Cop DUI on Duty, No Charges Filed
In the last few days, a news story broke about an Aurora Police officer who was found passed out drunk behind the wheel of his unmarked patrol car while on duty in the spring of 2019. The officer was not charged with any crime, nor was he fired. This is a clear case of police officers looking the other way to protect a fellow officer, and it is outrageous.
Let’s do a deeper dive into the facts of the case. On March 29, two civilians called 911 to report a man slumped unconscious behind the wheel of his car, which was in the middle of a busy street. The car was running, in gear, and the driver had his foot on the brake. The man, later identified as Aurora Police officer Nate Meier, was in uniform wearing his badge, and was armed with his pistol and a Tazer, and was in his unmarked police unit. Members of the Aurora Police Department (his colleagues) and paramedics knocked on the window and door, but Meier never acknowledged them. Paramedics then had to break his car window in order to assist Meier. Several of the officers on scene smelled alcohol as they were attending to Meier. There is body cam footage of the incident here. You can hear the officers indicating that “he was a little intoxicated.” His blood alcohol level at the hospital was a .450; 9 times over the legal limit of .05.
The Agency Response
Deputy Chief Paul O’Keefe, who happens to be assuming the position of Interim Aurora Police Chief In Janurary, 2020, was the ranking officer on scene. Despite the overwhelming evidence that Meier was driving drunk on duty, O’Keefe, in his report, stated, “my observations of Agt. Meier led me to question if this was in fact alcohol intoxication or some other medical episode, as his physical demeanor was not what I thought was consistent with alcohol intoxication; it appeared more medical in nature.” As the primary official on scene, he made the determination to not investigate or charge Meier with a DUI, nor did he require the taking of the blood test (the previously mentioned result was from Meier’s hospital records, not the result of an official law enforcement test). Meier later admitted to internal affairs that he was drinking vodka from a bottle in the middle of his shift. He had no medical conditions which contributed to this incident.

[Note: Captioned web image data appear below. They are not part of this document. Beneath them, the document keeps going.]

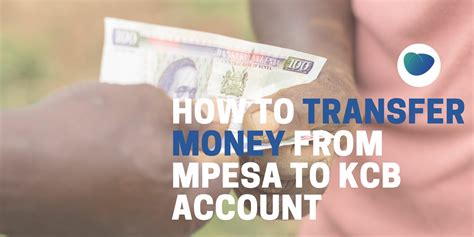 How To Transfer Money From M Pesa To Kcb Account Loanspot Io Kenya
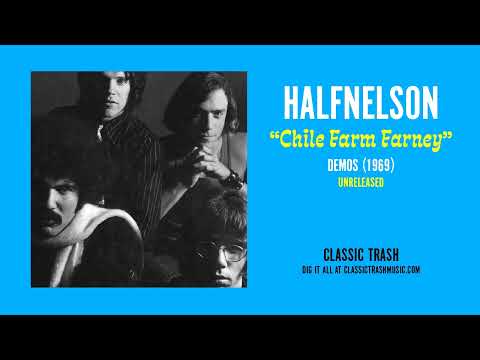 Halfnelson - Chile Farm Farney (1969)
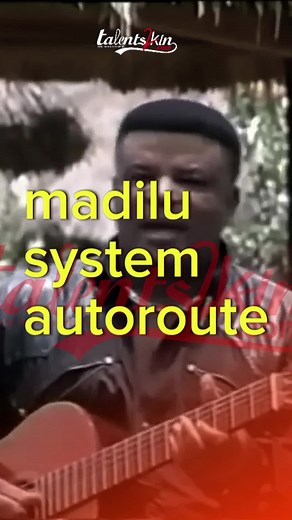 Madilu System: Autoroute - La Chanson Incontournable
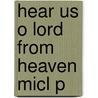 Hear Us O Lord From Heaven Micl P door Malcolm Lowry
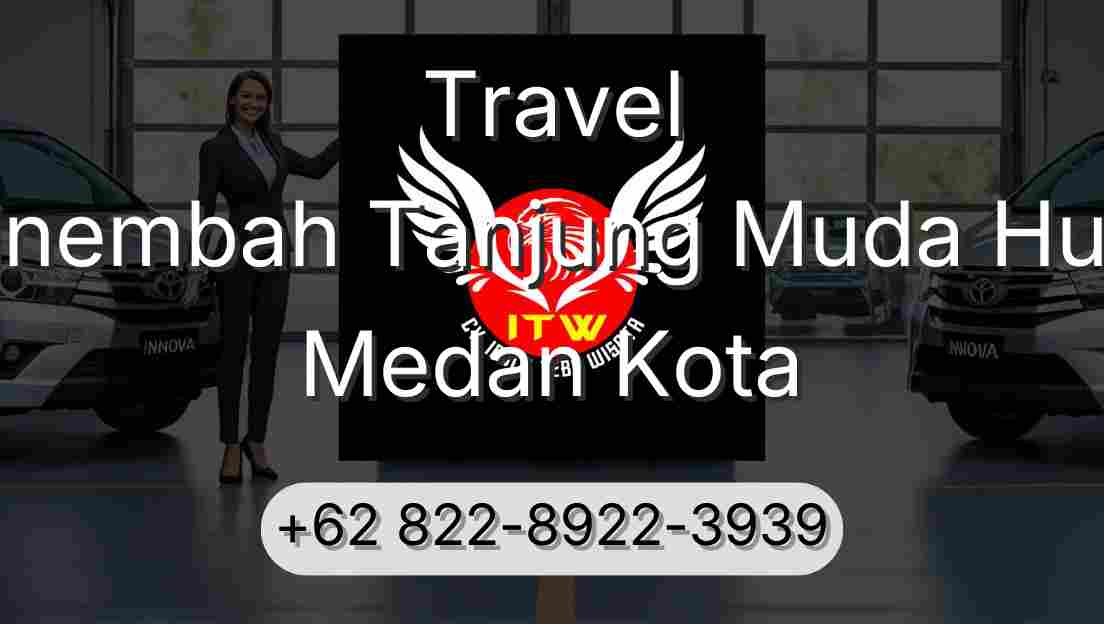 Travel Sinembah Tanjung Muda Hulu Medan Kota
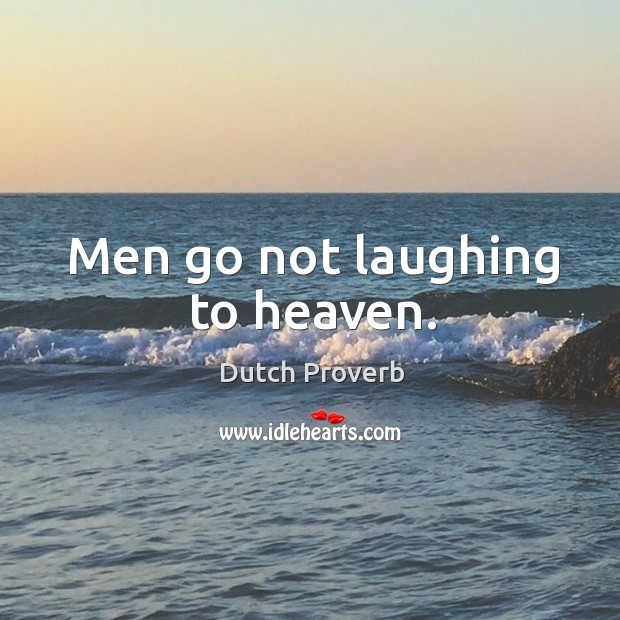 Men go not laughing to heaven. Dutch Proverbs Image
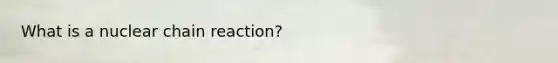 What is a nuclear chain reaction?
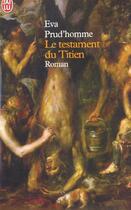 Couverture du livre « Testament du titien (le) » de Eva Prud'Homme aux éditions J'ai Lu
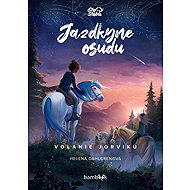 Jazdkyne osudu: Volanie Jorviku - Helena Dahlgren
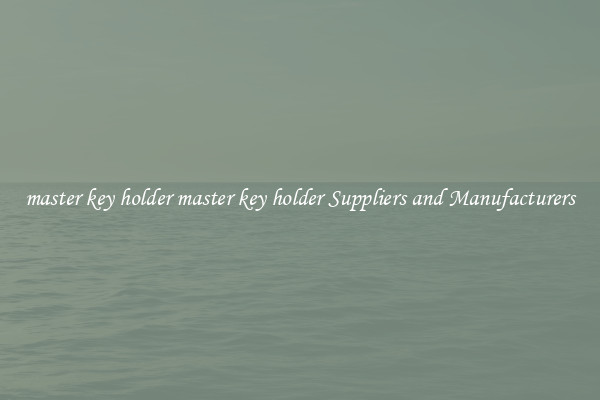 master key holder master key holder Suppliers and Manufacturers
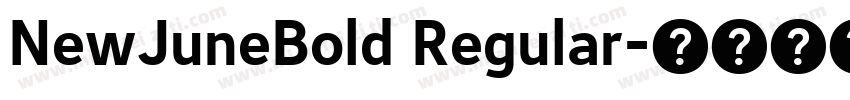 NewJuneBold Regular字体转换
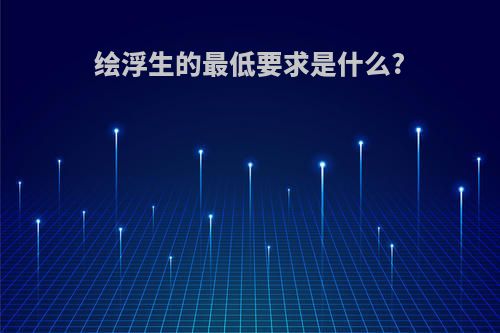 绘浮生的最低要求是什么?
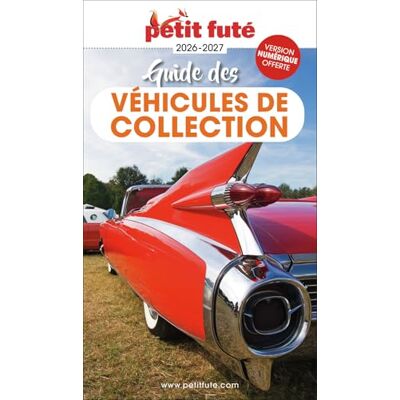 AUZIAS, Dominique Guide Guide Des Véhicules De Collection 2026 Petit Futé (2026) - Publicité AUZIAS, Dominique Guide Guide Des Véhicules De Collection 2026 Petit Futé (2026) - Publicité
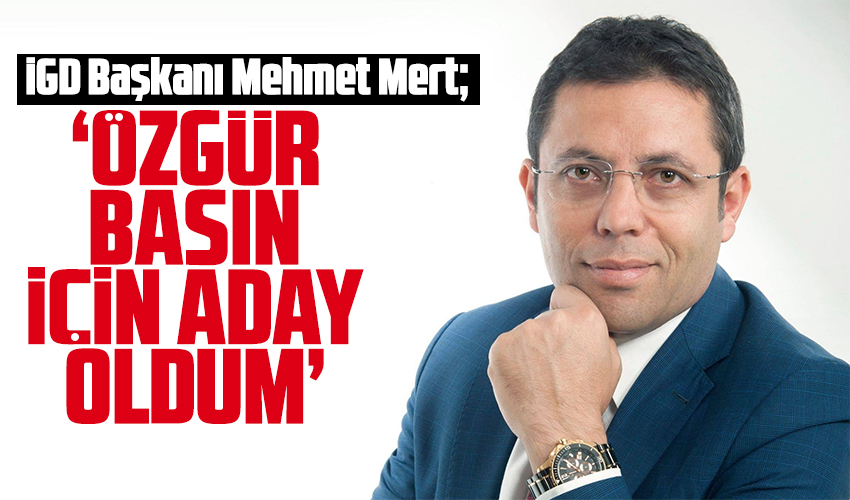 Mehmet Mert: Özgür basın için adayım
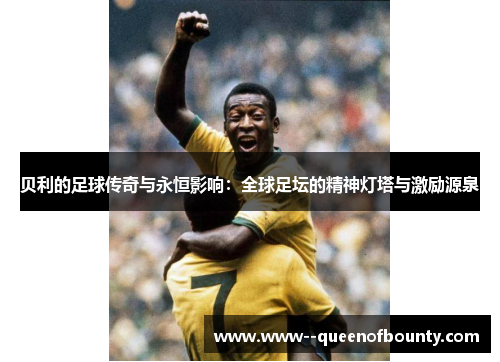 贝利的足球传奇与永恒影响：全球足坛的精神灯塔与激励源泉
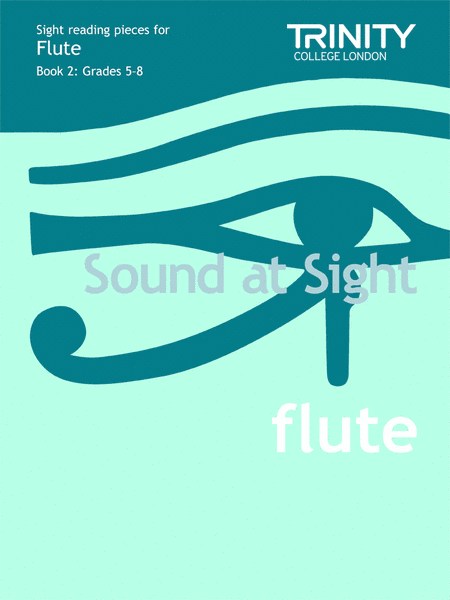 Sound at Sight Flute book 2 (Grades 5-8)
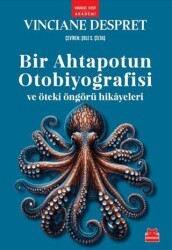 Bir Ahtapotun Otobiyografisi ve Öteki Öngörü Hikayeleri - Kırmızı Kedi Yayınevi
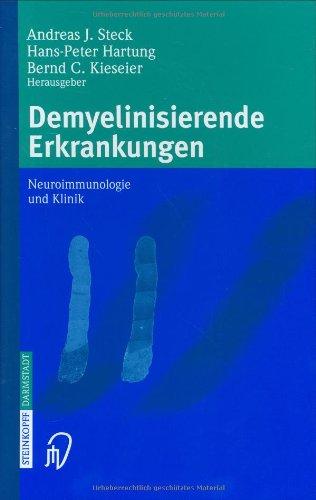 Demyelinisierende Erkrankungen. Neuroimmunologie und Klinik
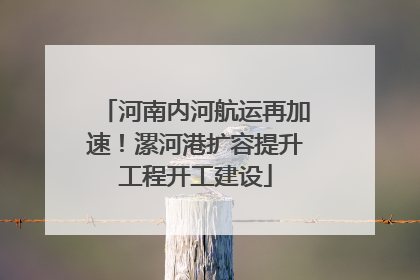 河南内河航运再加速！漯河港扩容提升工程开工建设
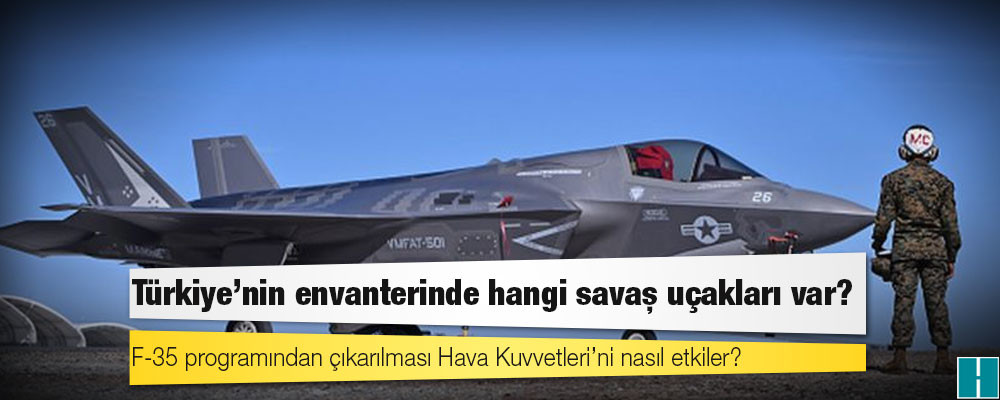 F-35 ve F-16: Türkiye'nin envanterinde hangi savaş uçakları var, F-35 programından çıkarılması Hava Kuvvetleri’ni nasıl etkiler?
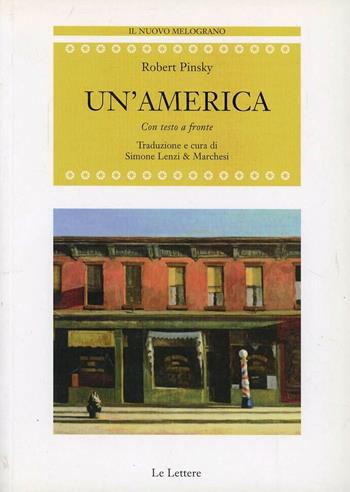 Un' America - Robert Pinsky - Libro Le Lettere 2009 | Libraccio.it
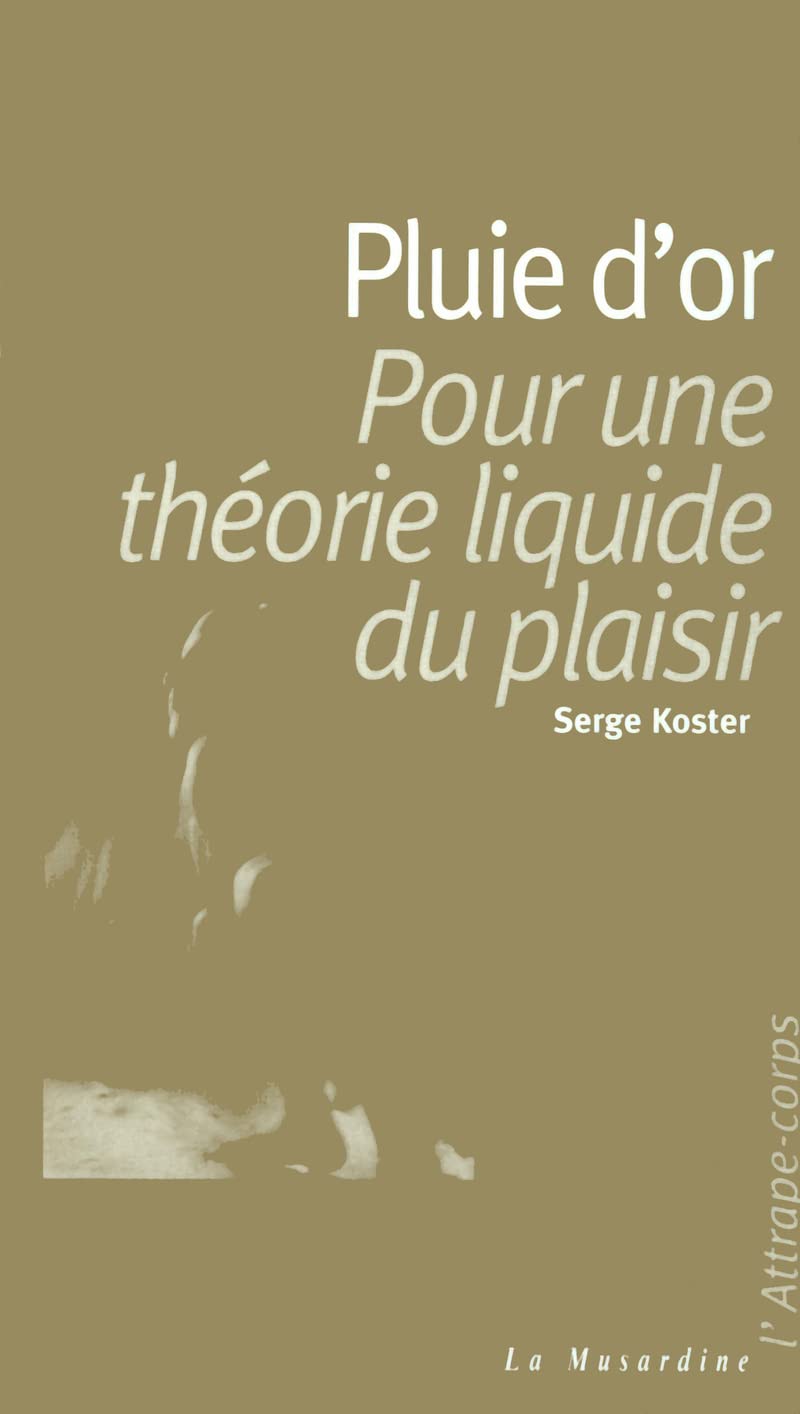Pluie d'or : pour une theorie liquide du plaisir book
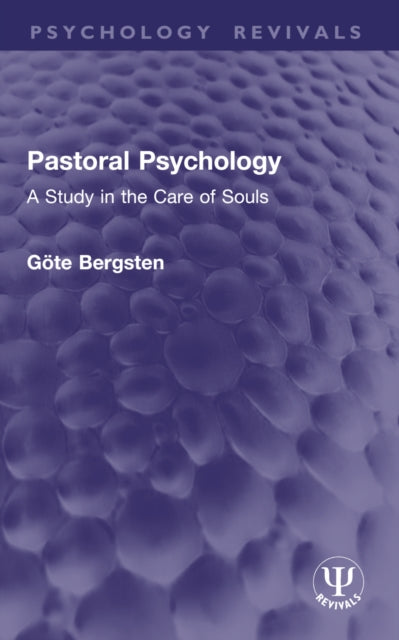 Pastoral Psychology: A Study in the Care of Souls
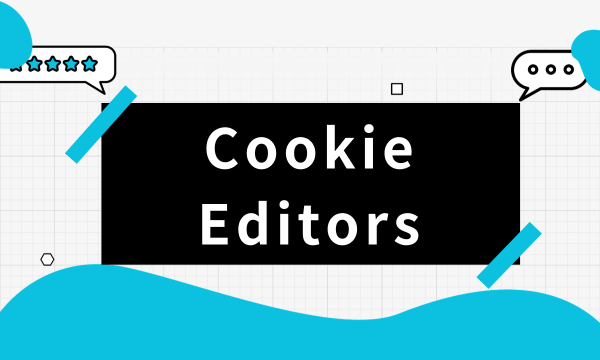 Best Cookie Editors: Edit/Import/Export/Delete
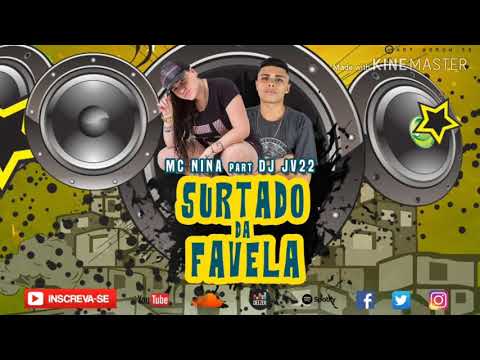 MC Nina Surtado Da Favela DJ JV22 2020 FODAAAA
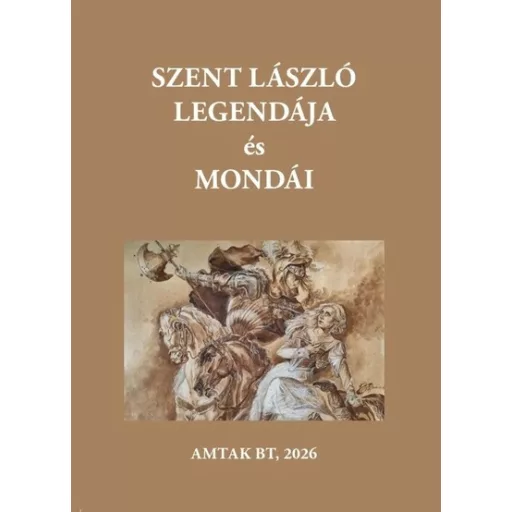 Szent László király legendája és mondái - Varsányi József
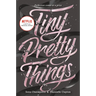 Tiny Pretty Things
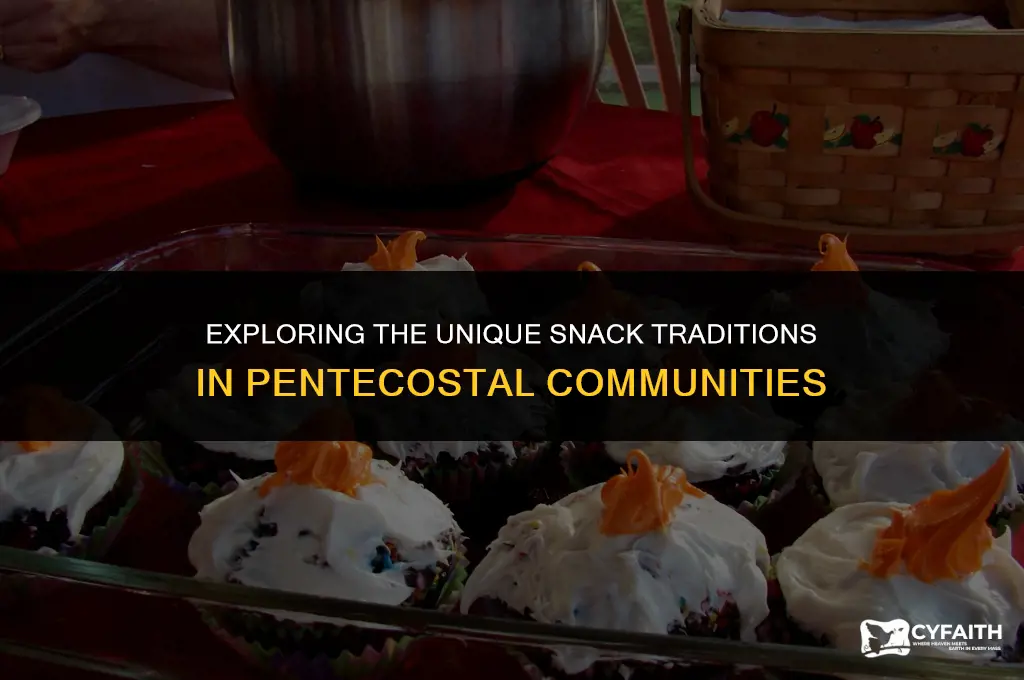 why do pentecostals handle snacks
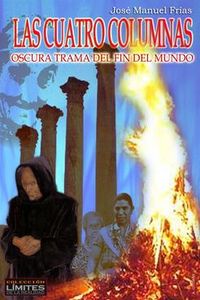 Las cuatro columnas. Oscura trama del fin del mundo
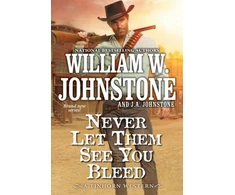 KNYGA William W Johnstone Never Let Them See You Bleed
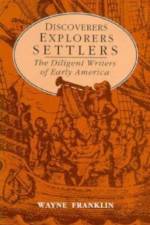 Discoverers, Explorers, Settlers af Wayne Franklin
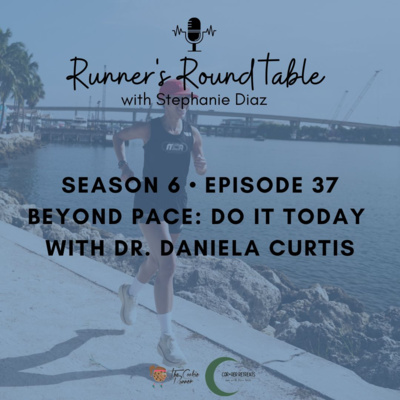 S6E37 - Beyond Pace: Do It Today with Dr. Daniela Curtis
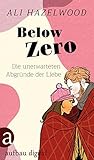 Book cover for Below Zero – Die unerwarteten Abgründe der Liebe (The STEMinist Novellas #3)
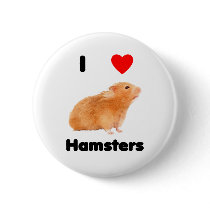 I love hamsters Button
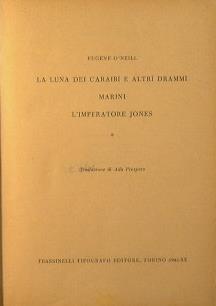 La luna dei Caraibi e altri drammi marini. L'mperatore Jones - Eugene O'Neill - copertina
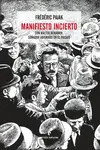MANIFIESTO INCIERTO MANIFIESTO INCIERTO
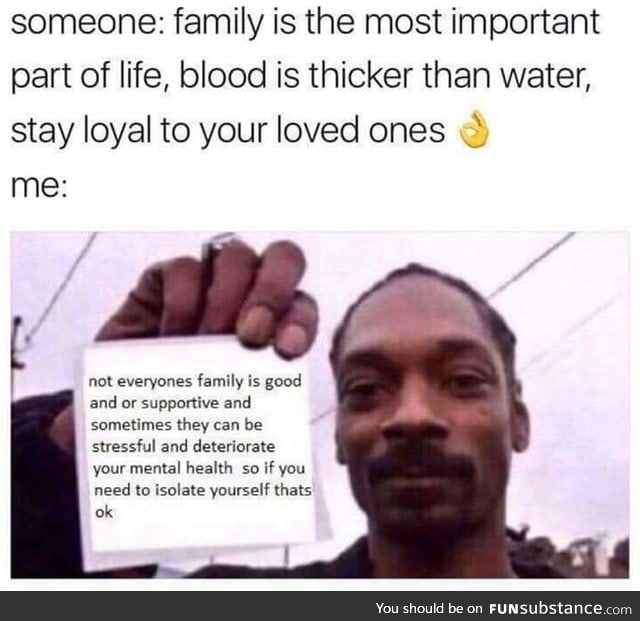 It's also okay to find a new family for yourself.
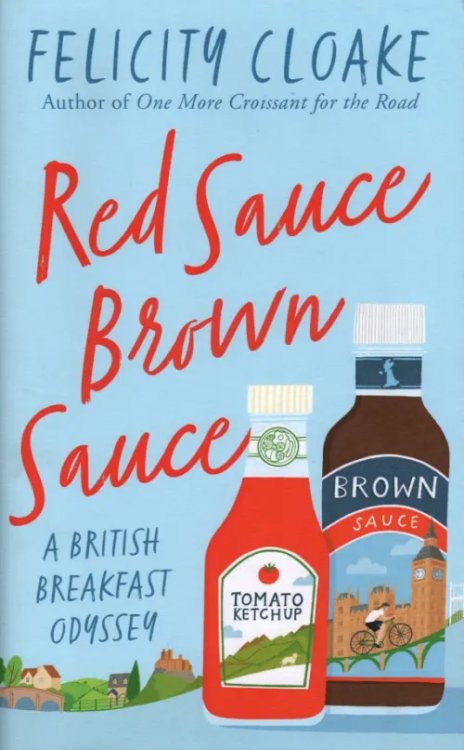 Red Sauce Brown Sauce. A British Breakfast Odyssey Red Sauce Brown Sauce. A British Breakfast Odyssey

The current police chief, Nick Metz, has defended his agency’s decisions to not charge Meier, or to fire him. He has suggested that the media is sensationalizing this story.
Was There Probable Cause Here?
As criminal defense attorneys, we find this case infuriating because we clearly have aggravated police conduct on the part of Meier that amounts to several crimes, and then making matters much worse, a blatant cover up by his own police department. The police are tasked with arresting someone if there is probable cause to arrest. Probable cause is generally defined as a reasonable belief that a person has committed or is committing a crime. Applying it to Meier, this guy is not just a little tipsy- he was drunk to the point of being comatose. He is found on duty, armed, in his police vehicle, blocking traffic on a busy street with the car in gear and running. The officers smell alcohol, and his unconscious status is further evidence that he was drunk. He was so wasted they had to break his window in order to deal with him. To suggest there was not probable cause for an arrest for DUI and Prohibited Use of a Weapon (being drunk and in possession a firearm) is laughable. It is telling that they didn’t even try to conduct a DUI investigation. In nearly every criminal case, it is common for police to turn over every stone imaginable to try to get probable cause to arrest. In this case they literally did no investigation whatsoever. It’s quite obvious what happened here. Meier’s fellow boys in blue gave him a free pass, and that pass was defended by the highest ranking officers in his department.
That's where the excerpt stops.